Output format

From version 4.1.0.0, the results of a simulation are not stored in the database but in a binary file. This greatly reduces memory requirements and improves the performance.

The results are written as a stream of data. Once written, they are not modified.

The storage format is based on this principle.

Each record is in the form of a mark identifying the type (and, possibly, the format version) of the result, followed by the result itself.

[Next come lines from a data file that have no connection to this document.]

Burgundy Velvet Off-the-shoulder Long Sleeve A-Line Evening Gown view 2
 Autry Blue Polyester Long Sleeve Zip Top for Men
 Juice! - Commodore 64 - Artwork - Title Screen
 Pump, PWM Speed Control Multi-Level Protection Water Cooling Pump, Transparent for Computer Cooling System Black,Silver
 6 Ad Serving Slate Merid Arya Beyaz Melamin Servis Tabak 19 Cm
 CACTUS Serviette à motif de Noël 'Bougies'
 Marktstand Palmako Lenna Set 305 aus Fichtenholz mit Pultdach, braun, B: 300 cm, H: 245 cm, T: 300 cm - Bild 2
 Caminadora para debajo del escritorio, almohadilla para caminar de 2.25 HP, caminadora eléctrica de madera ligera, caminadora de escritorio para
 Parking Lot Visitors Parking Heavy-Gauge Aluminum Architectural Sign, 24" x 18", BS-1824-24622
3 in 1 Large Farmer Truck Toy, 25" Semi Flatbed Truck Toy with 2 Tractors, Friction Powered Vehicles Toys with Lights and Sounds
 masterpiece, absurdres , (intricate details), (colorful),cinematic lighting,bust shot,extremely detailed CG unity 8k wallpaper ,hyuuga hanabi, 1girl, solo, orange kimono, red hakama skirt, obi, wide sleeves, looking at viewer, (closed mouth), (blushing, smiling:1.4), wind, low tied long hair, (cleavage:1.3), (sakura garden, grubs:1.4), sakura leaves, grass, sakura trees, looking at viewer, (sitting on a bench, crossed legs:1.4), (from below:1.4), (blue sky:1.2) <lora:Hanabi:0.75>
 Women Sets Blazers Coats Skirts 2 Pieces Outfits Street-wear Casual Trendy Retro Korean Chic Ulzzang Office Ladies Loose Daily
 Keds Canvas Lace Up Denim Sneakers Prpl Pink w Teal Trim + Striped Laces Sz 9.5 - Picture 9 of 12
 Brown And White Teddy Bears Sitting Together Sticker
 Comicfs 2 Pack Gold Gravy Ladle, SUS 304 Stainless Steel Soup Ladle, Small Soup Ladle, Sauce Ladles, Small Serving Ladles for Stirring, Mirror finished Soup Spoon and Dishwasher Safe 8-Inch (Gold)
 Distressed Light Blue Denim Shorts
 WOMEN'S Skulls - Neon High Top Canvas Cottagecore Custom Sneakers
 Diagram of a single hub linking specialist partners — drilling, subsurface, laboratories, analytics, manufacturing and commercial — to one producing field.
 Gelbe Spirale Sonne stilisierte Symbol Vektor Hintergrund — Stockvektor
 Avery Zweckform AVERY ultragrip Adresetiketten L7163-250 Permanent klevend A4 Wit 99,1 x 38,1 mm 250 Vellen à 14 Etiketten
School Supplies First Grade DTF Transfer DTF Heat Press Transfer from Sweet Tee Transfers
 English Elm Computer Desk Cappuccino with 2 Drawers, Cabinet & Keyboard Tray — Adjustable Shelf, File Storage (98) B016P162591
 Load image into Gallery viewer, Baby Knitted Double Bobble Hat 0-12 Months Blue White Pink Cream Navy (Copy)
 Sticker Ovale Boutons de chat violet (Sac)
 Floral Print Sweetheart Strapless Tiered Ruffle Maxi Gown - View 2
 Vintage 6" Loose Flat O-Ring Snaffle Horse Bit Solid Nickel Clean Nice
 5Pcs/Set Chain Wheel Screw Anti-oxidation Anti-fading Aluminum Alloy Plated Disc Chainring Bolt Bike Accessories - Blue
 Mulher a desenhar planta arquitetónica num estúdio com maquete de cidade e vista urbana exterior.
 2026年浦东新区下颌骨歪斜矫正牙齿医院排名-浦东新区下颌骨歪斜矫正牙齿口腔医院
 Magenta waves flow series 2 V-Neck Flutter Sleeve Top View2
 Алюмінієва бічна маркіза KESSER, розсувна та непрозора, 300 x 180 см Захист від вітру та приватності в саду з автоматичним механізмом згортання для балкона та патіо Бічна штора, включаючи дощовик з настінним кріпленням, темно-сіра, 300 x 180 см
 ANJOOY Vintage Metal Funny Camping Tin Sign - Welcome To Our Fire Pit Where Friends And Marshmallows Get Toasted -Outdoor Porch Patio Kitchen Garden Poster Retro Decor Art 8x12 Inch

The records are written one after the other. A specific routine must be written to read and to write each type of result.

Mark format

The mark is a long holding 8 characters. The characters must be encoded using BitUtil.toMark and decoded using BitUtil.fromMark.

Array record

Structure:

  • (long) mark: ‘resmat01’
  • (int) step: the timestep number
  • (UTF8) name: name of the result
  • (int) dimSize: the number of dimensions in the array
  • (UTF8)+ dimNames: the names of each dimension
  • (int)+ dims: the size of each dimension
  • (UTF8)+ sems: the semantics of each dimension
  • (int) dataSize: the number of cells in the array
  • (double)+ data: the values in the array

Performance

The simulations using this format are six times faster and, more importantly, use much less memory enabling larger simulations to be carried out in an acceptable timeframe as the Java Virtual Machine uses much less processor time.

Extension

With this structure, new types of result can be added easily. A generic reader switches to the appropriate reader function depending on the mark at the start of the record.

Each object will have its own code for the writing the data required to be stored, putting its own mark before recording the data.

Problem

This mechanism uses memory-mapped files and Windows is still unable to address a memory-mapped file correctly. Furthermore, with the use of sparse arrays and massive datasets, the arrays are now stored in text files in storage optimized for arrays.